LABEL.build_vocab(train)

# make iterator for splits
train_iter, test_iter = data.BucketIterator.splits(
    (train, test), batch_size=3, device=0)



In [52]:
next(iter(train))

<torchtext.data.example.Example at 0x7f4e26b343c8>

Well, wtf? 

How can I access this example?

In [53]:
example = next(iter(train))
example

<torchtext.data.example.Example at 0x7f4e26b343c8>

In [54]:
example

<torchtext.data.example.Example at 0x7f4e26b343c8>

In [55]:
example.text

"I thought that Baseketball was one of the most funniest films i have ever seen! It's witty humour made me giggle all the way through, and the fact that Trey and Matt are so over the top, boosts the film's comedy. <br /><br />I have just bought Baseketball on DVD and its just one of those movies where you would never get tired of watching it.
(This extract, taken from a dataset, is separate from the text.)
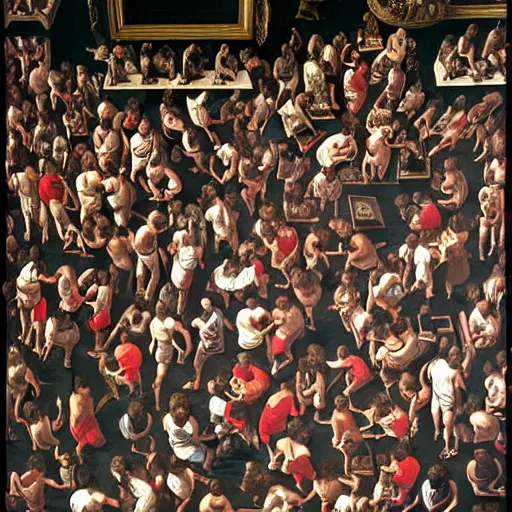 Prompt: highly detailed where's wally? by caravaggio and martin handford wiew from above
I have a very short attention span and i think this film has so any funny bits that it keeps me entertained throughout. The humorous quotes are memorable, and can make me laugh for hours if i remember them later..<br /><br />So overall i think that Baseketball is brilliant movie which everyone should go see, especially if you're younger like me as it will keep you laughing for a long time afterwards. <br /><br />P.s Does anybody think its weird for me to like them both? hehe"

In [56]:
example.label

'pos'

In [57]:
len(train)

25000

In [58]:
len(example.text.split())

153

Torchtext is not that useful, I won't use it.